Les Institutions en question, à en croire Émile Durkheim, sont un concept qui traduit l’idée de tenir ou faire tenir une chose debout en vue de la stabilité et du fonctionnement de la communauté humaine érigée en société. En autres mots, les valeurs, les structures d’organisation de cette communauté, qui sont des Institutions sont les fondements qui vont évoluer une société harmonieusement :
« Ce qui fait tenir les sociétés se sont les catégories de pensée, les formes d’organisation et de pouvoir, les langues, les croyances collectives, les habitudes ou encore les règles de conduite qui préexistent aux individus ».
Dans ce contexte, les Institutions sont toutes ces représentations et manières de penser, d’agir, de sentir que les individus produisent de façon collective pour tenir la communauté sociale et qui s’imposent à eux individuellement pour le bien du vivre ensemble.
Autrement dit, les individus qui décident de créer la communauté, la société mettent ensemble en mouvement des règles, habitudes, normes, croyances collectives qui s’élaborent en dehors » des individus isolés, dépassant les consciences prises individuellement. Ces règles, normes, croyances, etc. viennent ensuite les surplomber, comme cadres, à la fois contraignants pour les individus et structurants pour la société. L’éducation conduit les individus à apprendre à les reconnaître et à les respecter et la socialisation qui en résulte structure la société.
Pourquoi parle-t-on de Restauration ?
Lorsque les règles qui organisent la communauté sociale et politique ne sont pas observées par tous uniformément, il se crée un déséquilibre dans les rapports sociaux qui entraîne un déséquilibre des Institutions. En pareille circonstance, ce qui fait tenir la société et ce à quoi tous les individus adhèrent pour le bienêtre collectif et donc individuel décline. Les valeurs individuelles l’emportent sur les valeurs et les croyances collectives. De ce fait, les règles supposées communes et qui devaient en principe surplomber l’ensemble de la communauté sont appliquées arbitrairement par quelques-uns au détriment des autres. Les aspirations utilitaristes et individualistes qui se développent entraînent les tenants du pouvoir à se subroger aux Institutions pour tenir la société. Ils orientent les institutions, vers la satisfaction des besoins et des désirs individuels. Cette tendance est une contradiction en soi. Par essence une institution n’est pas constituée pour répondre à des intérêts privés ou individualistes. Le risque qui en a résulte est une anomie généralisée, qui a produit des citoyens désolidarisés. De fait, chacun ne pensant qu’à soi, le pays a été géré comme un éléphant qu’on dépèce : Agglutiné autour de la bête, chacun prendre ce qu’il peut prendre pour sa propre cause.

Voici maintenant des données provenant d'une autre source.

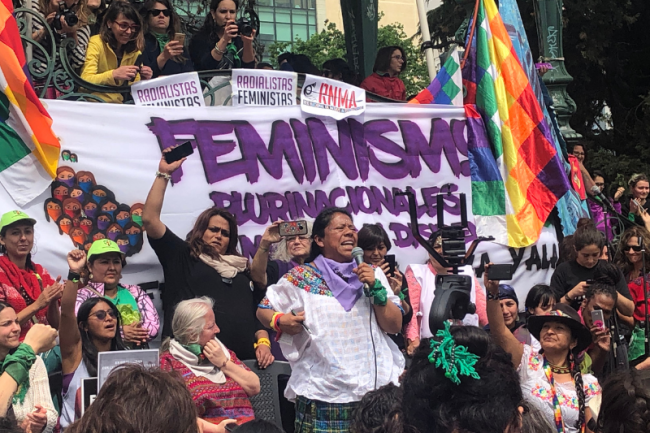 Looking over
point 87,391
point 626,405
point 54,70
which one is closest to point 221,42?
point 54,70

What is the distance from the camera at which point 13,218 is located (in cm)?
548

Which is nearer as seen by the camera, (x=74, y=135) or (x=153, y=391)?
(x=153, y=391)

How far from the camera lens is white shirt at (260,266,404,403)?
492 cm

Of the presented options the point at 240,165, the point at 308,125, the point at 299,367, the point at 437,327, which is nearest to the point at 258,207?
the point at 240,165

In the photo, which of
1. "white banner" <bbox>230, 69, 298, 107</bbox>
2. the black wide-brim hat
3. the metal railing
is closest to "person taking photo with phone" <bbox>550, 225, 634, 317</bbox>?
the black wide-brim hat

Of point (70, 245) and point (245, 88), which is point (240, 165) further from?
point (70, 245)

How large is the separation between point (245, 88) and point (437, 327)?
12.0 ft

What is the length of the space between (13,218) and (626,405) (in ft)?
12.3

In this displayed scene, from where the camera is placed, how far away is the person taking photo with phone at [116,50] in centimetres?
670

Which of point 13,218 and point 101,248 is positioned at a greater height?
point 13,218

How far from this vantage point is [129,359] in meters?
4.26

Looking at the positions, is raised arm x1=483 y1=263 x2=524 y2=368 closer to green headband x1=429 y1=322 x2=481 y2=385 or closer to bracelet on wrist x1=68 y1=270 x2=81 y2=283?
green headband x1=429 y1=322 x2=481 y2=385

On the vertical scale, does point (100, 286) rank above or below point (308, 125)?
below

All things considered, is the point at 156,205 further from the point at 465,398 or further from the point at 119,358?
the point at 465,398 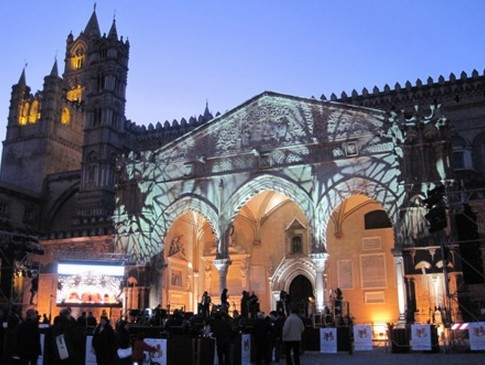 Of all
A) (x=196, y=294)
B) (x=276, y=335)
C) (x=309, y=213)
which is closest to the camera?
(x=276, y=335)

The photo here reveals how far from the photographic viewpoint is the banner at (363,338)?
17.1 metres

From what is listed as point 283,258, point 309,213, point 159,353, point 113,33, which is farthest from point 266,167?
point 113,33

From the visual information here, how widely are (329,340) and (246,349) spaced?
4087mm

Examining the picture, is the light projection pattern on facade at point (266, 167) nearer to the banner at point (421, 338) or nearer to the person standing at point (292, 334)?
the banner at point (421, 338)

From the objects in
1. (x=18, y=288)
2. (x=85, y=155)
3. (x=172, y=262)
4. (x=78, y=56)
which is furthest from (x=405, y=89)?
(x=78, y=56)

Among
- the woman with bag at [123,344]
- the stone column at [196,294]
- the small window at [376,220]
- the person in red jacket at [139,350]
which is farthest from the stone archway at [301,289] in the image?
the woman with bag at [123,344]

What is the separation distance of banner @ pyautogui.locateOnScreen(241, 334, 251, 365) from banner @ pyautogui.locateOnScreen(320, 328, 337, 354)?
3.76m

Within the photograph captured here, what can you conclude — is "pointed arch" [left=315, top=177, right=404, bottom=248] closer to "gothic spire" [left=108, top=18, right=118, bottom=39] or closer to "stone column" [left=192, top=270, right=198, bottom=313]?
"stone column" [left=192, top=270, right=198, bottom=313]

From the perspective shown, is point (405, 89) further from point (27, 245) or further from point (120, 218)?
point (27, 245)

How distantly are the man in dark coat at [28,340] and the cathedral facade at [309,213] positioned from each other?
1250 centimetres

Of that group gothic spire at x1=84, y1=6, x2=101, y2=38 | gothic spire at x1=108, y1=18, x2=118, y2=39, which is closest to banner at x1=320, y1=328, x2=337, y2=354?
gothic spire at x1=108, y1=18, x2=118, y2=39

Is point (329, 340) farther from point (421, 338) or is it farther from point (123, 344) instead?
point (123, 344)

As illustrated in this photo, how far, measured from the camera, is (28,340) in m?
9.62

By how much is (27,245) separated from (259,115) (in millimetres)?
11683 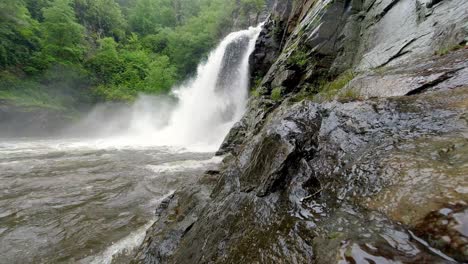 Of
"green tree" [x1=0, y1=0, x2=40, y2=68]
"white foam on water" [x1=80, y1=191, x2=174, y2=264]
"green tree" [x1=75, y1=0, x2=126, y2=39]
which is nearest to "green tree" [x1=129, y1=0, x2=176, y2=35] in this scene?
"green tree" [x1=75, y1=0, x2=126, y2=39]

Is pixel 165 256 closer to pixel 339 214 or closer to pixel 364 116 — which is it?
pixel 339 214

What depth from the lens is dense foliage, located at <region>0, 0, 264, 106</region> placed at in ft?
48.6

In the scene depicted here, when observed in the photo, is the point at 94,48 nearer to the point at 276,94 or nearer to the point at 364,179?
the point at 276,94

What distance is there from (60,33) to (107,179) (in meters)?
15.4

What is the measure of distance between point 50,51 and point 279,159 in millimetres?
19816

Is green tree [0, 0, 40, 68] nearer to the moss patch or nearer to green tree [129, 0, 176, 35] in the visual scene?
green tree [129, 0, 176, 35]

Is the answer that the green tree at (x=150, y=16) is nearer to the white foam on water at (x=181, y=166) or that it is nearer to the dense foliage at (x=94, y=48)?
the dense foliage at (x=94, y=48)

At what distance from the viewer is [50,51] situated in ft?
52.4

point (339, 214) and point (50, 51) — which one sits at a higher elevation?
point (50, 51)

Dans la foulée du désordre qui en a résulté, les forces de défense et de sécurité, réunies au sein du Comité de la Restauration des Institutions s’attellent donc à une réflexion, portant sur la possibilité de restauration des Institutions, l’érection d’une nouvelle Constitution, qui permettrait de maintenir la cohésion sociale. Prenant acte de l’individualisme croissant, les membres de ce Comité tentent aussi de comprendre comment des nouvelles formes de stabilisation de pensées et de conduites pourraient être intériorisées par les citoyens pour éviter qu’à l’avenir les Institutions ne soient à nouveau prises en otages par quelques-uns pour des bénéfices uniquement singuliers.
Comment vont-ils y arriver au regard de la déstructuration profonde de la société ?
Ce programme constructif a débuté par le principe d’unification de la Nation. Le CTRI a mis en place une stratégie de reconstruction sociopolitique qui consiste dans un premier temps à solidariser les Gabonais, d’abord autour des symboles : le drapeau et l’hymne nationale. Ce sont les emblèmes de la Nation. L’éducation quant au respect de ces symboles vise à intérioriser en chaque Gabonais l’idée que malgré les individualités que nous constituons, nous le sommes à partir d’un idéal de valeurs et de principes qui lient l’essor individuel à l’essor collectif ; que c’est dans la prise de conscience de cette nécessaire concorde, la félicité de tous et donc de chacun est possible. Et pour cette grande ambition, il est demandé que nous taisions momentanément ce qui nous divise. Une fois les Institutions mises en place pour la protection individuelle et collective, selon la Règle de droit collectivement construites, il sera alors possible de demander des comptes et des réparations.
Ce programme de construction est aussi mené par la restauration à minima du cadre de vie. Des travaux sont engagés un peu partout dans le pays pour restaurer et construire des routes en vue de favoriser la fluidité des communications ; des décisions sont prises pour réorganiser et améliorer le fonctionnement de l’administration. De même, des mesures économiques sont envisagées pour soulager les populations face aux contraintes du coût de la vie. Des actions fortes sont entreprises pour l’éducation et la formation scolaire.
L’ensemble de ces mesures et d’autres participent à la construction d’un ordre social solidaire et intégré. Le Général Brise OLIGUI NGUEMA avance l’idée que la révision des Institutions et des pratiques de gouvernance va œuvrer à la stabilisation des « systèmes sociaux », par l’élaboration d’institutions adéquates et par l’obtention de l’adhésion des citoyens aux valeurs dominantes.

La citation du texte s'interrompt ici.